Coleville (2017)

Square-jawed white guy Jake (Andrew Brooks Gagne) is having a bad day. First, he wakes up late for his job interview. Then, his car won’t start, so he hops a train…and immediately falls asleep, missing his stop. Did I mention he’s also forgotten his phone? It seems punctuality and responsibility aren’t Jake’s strong points; maybe this is why he doesn’t have a job.

He awakens (for the second time) at the end of the line, a town called Coleville, where an old woman warns him not to get off the train — and with good reason: the town is ruled with an iron fist by a black man named Rasheem “Robbie” Reynolds (John Mapp) who hates white people more than white people hate Mexicans. He hates them so much, in fact, that he enslaves them, forcing “the Whites” to work on his marijuana plantation before ultimately killing them. (If you ask me, killing your workforce doesn’t seem like the smartest business strategy, but hey, I’m no drug kingpin.)

Because Jake sticks out like a sore thumb in Coleville, he’s quickly targeted by Rasheem’s men, but a sympathetic young black waitress named Meniah (Kiara McKnight) helps him evade their clutches…at least, for a while. Basically, they just go back and forth between being caught and escaping several times, plus we meet a few white slaves and Meniah’s brother and mother, and we listen to Rasheem bloviate about how a couple of white guys killed his father, so now he hates all white people, yadda yadda yadda, aliens show up. Wait, what? Aliens?

A rare genre movie from a black female filmmaker (Rhonda Harmon), Coleville has an interesting premise — a Twilight Zone-ish reverse slavery scenario sort of like the movie White Man’s Burden — but ultimately, it’s little more than a premise. Its ham-fisted execution feels like a blind shot in the dark at making a movie, and, well, I suppose it is indeed a movie, so, um…congratulations?

There are moments that, in a better movie, could’ve resonated within the current racial and political environment: Rasheem giving white captives “black” slave names (Jake becomes Omar), his using economic power to keep the black townspeople loyal, and his bragging that the sort of police abuse that’s plaguing the rest of the nation is nonexistent in his dictatorship.
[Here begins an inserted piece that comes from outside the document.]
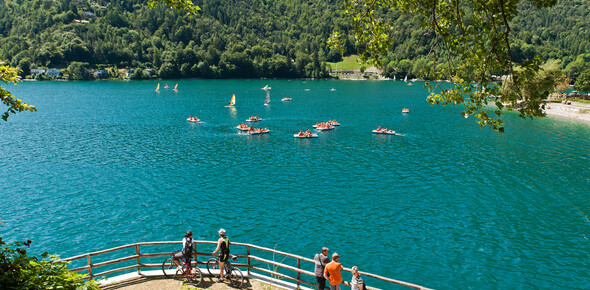 Lake Ledro, Lake holidays Italy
But such moments are lost in an avalanche of filmmaking ineptitude, from clunky editing to banal dialogue, ineffective musical cues, uneven sound, a confused timeline (there are flashbacks involving random characters that give no indication they are flashbacks), amateurish direction (out-of-focus shots, shots of the backs of people’s heads), performances that are either too low-key or too bombastic and an increasingly nonsensical script that decides halfway through to toss in Caucasian-eating aliens.

To be honest, this sci-fi twist (and some inexplicable kung-fu) at least adds some life into a plot that was threatening to flatline, raising it from borderline intolerable to borderline so-bad-it’s-good territory. After all, terrible and memorable is better than terrible and forgettable.

A scene from the movie Coleville
“Don’t make me look over my glasses at you.”
A scene from the movie Coleville
KUFO Channel 6 Action News: The only local news with its very own traffic saucer. It doesn’t do anything, but it’s cool as shit.
A scene from the movie Coleville
“Is there a disembodied head following us?”
A scene from the movie Coleville
“I’m allergic to CGI.”
A scene from the movie Coleville
It was at that moment that Raymond realized he’d left a lawn dart in his back pocket.
A scene from the movie Coleville
“This touch screen is crap.”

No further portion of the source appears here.